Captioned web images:
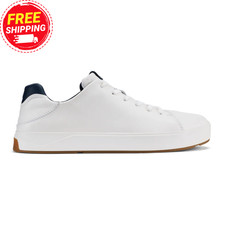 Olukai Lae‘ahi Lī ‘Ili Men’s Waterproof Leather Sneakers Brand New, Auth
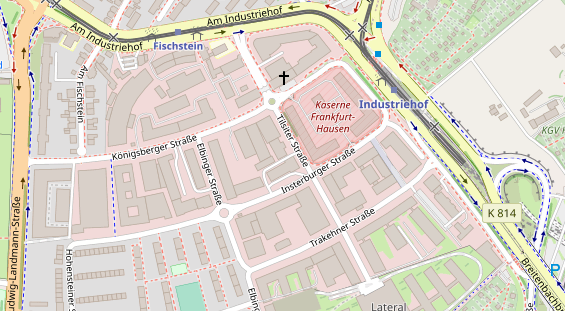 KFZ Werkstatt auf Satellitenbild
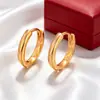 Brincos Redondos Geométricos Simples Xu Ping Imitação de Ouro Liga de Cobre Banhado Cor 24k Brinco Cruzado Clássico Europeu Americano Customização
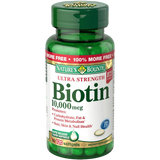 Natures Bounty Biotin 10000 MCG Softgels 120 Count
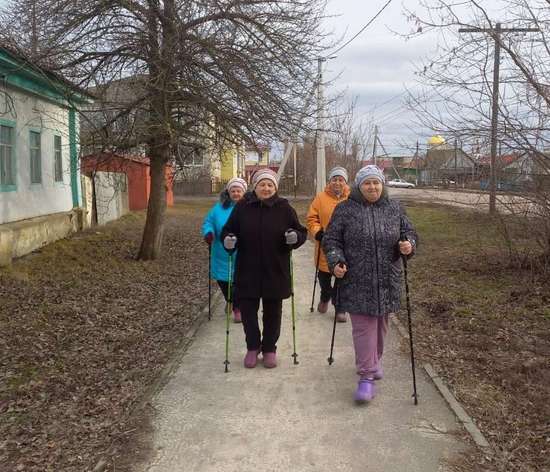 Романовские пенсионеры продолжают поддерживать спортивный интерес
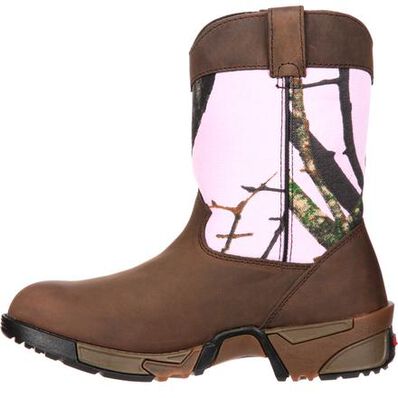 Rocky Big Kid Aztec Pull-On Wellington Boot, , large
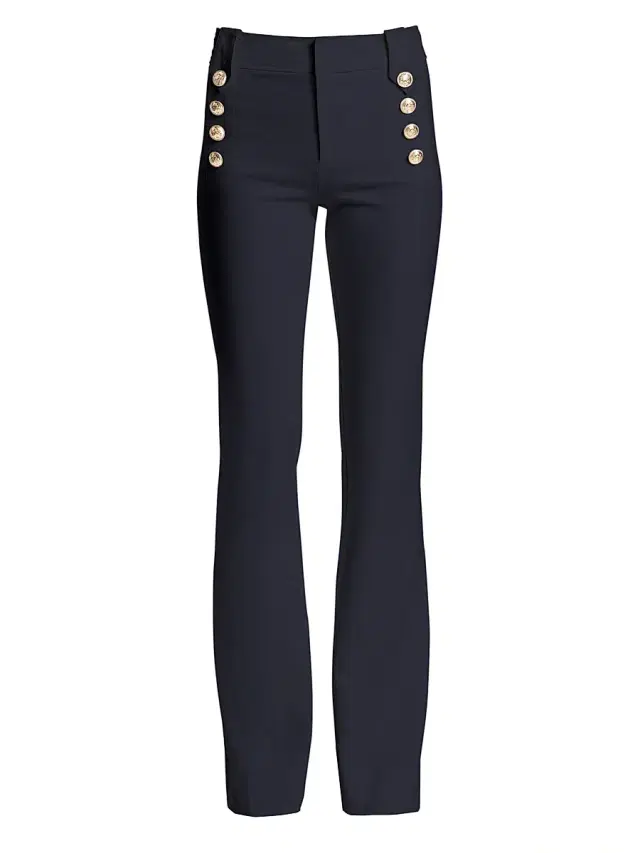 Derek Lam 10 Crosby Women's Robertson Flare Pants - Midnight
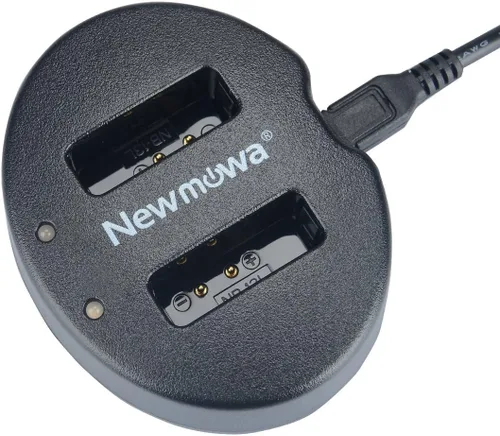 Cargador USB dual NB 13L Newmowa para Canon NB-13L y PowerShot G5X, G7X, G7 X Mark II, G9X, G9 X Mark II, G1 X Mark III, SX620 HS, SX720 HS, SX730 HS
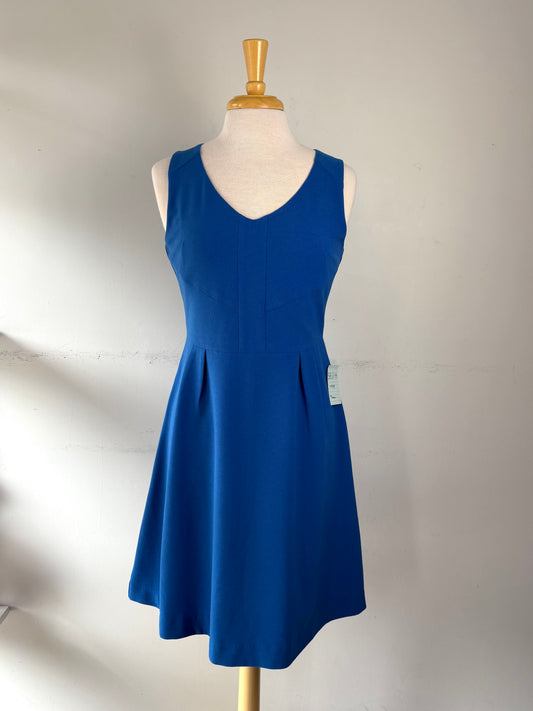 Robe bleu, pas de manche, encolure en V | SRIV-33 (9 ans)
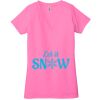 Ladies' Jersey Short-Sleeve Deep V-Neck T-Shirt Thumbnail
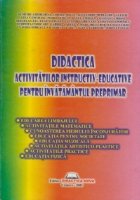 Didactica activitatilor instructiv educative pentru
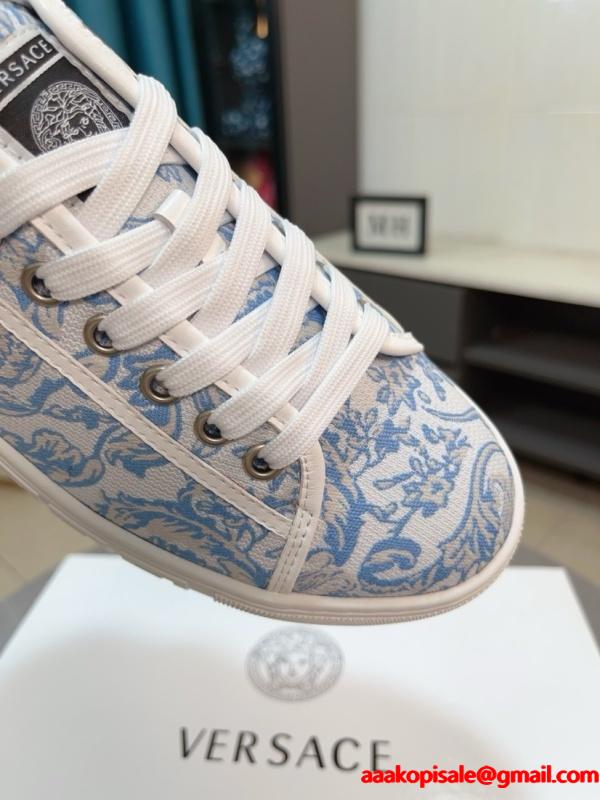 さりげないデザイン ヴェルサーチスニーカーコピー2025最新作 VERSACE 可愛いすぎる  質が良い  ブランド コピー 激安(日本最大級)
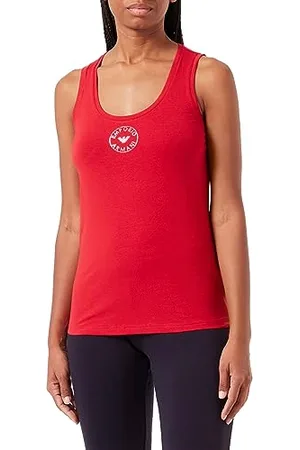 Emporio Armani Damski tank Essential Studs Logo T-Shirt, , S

THE TASK ::
Excluding all pictures, print exactly and only the lines from the line with "さりげないデザイン ヴェルサーチスニーカーコピー2025最新作 VERSACE" through the end of the records above, both ends included.

FINAL ANSWER ::
 さりげないデザイン ヴェルサーチスニーカーコピー2025最新作 VERSACE 可愛いすぎる  質が良い  ブランド コピー 激安(日本最大級)
 Emporio Armani Damski tank Essential Studs Logo T-Shirt, , S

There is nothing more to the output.